I've not seen an NVFP4 quant yet. 55 t/s is pretty great for FP8, that's about what I get with this AWQ. My FP8 on VLLM is about 30 t/s. Have you tried using EAGLE for MTP with sglang? I'm currently distilling 4.6 for coding to see if I can train some medusa heads for MTP. Unfortunately is going to take a while.
I've not seen an NVFP4 quant yet. 55 t/s is pretty great for FP8, that's about what I get with this AWQ. My FP8 on VLLM is about 30 t/s. Have you tried using EAGLE for MTP with sglang?
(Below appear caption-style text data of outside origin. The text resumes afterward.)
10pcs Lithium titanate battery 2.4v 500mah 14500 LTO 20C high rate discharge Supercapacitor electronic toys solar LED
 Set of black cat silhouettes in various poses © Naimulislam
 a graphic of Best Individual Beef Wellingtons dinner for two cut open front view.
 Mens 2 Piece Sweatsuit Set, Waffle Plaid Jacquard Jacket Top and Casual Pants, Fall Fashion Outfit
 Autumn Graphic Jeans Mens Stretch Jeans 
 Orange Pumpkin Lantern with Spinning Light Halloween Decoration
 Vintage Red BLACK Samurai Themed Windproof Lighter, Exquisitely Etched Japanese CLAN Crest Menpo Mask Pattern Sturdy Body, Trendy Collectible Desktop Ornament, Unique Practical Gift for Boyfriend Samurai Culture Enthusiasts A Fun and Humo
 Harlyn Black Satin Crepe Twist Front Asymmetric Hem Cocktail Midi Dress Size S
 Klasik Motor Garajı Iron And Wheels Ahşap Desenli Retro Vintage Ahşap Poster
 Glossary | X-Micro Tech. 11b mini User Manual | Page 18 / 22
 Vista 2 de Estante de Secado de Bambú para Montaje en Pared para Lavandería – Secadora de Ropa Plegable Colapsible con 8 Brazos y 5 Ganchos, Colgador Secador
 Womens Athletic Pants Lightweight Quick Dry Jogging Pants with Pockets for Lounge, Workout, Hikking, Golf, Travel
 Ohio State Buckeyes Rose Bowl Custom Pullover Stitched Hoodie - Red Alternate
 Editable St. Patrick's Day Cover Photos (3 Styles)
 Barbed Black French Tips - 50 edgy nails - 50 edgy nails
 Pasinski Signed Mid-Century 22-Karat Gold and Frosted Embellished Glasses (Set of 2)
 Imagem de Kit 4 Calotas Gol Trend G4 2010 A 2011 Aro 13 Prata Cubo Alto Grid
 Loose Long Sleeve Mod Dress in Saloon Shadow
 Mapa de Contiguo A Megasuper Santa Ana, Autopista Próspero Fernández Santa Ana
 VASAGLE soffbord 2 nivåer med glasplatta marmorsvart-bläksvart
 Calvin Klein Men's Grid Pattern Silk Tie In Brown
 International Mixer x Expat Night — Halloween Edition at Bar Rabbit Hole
I'm currently distilling 4.6 for coding to see if I can train some medusa heads for MTP. Unfortunately is going to take a while.
vllm FP8 uses cutlass which is not that fast as triton fp8 implementation for sm120. I have enabled triton path for fp8 but you have to set USE_TRITON_W8A8_FP8_KERNEL
Here is NVFP4 quant: https://huggingface.co/RESMP-DEV/GLM-4.6-NVFP4
the problem is that I cant find any inference engine supporting NVFP4 block scale on sm120
I believe that we should get double the speed once used nvfp4 natively - if we have 55 with fp8, we should get 110 for nvfp4
EAGLE MTP for GLM-4.6 is memory bound and is slower than not using it. but thats different with FP8 GLM-4.5-Air-FP8 - the eagle works - I'm getting 180 tokens/sec on 4 cards.
USE_TRITON_W8A8_FP8_KERNEL=1 SGL_ENABLE_JIT_DEEPGEMM=false PYTORCH_CUDA_ALLOC_CONF=expandable_segments:True python -m sglang.launch_server --model /mnt/GLM-4.5-Air-FP8/ --tp 4 --speculative-algorithm EAGLE --speculative-num-steps 3 --speculative-eagle-topk 1 --speculative-num-draft-tokens 4 --host 0.0.0.0 --port 5000 --mem-fraction-static 0.80 --context-length 128000 --enable-metrics --attention-backend flashinfer --tool-call-parser glm45 --reasoning-parser glm45 --served-model-name glm-4.5-air --chunked-prefill-size 64736 --enable-mixed-chunk --cuda-graph-max-bs 1024 --model-loader-extra-config '{"enable_multithread_load": true, "num_threads": 8}'
festr2 does this AWQ quant run on your rtx 6000s? im getting some errors. and the other AWQ by QuantTrio loads but is not outputing rerasoning and stopping generations properly. in sglang maybe ill have better luck in vllm on these awqs?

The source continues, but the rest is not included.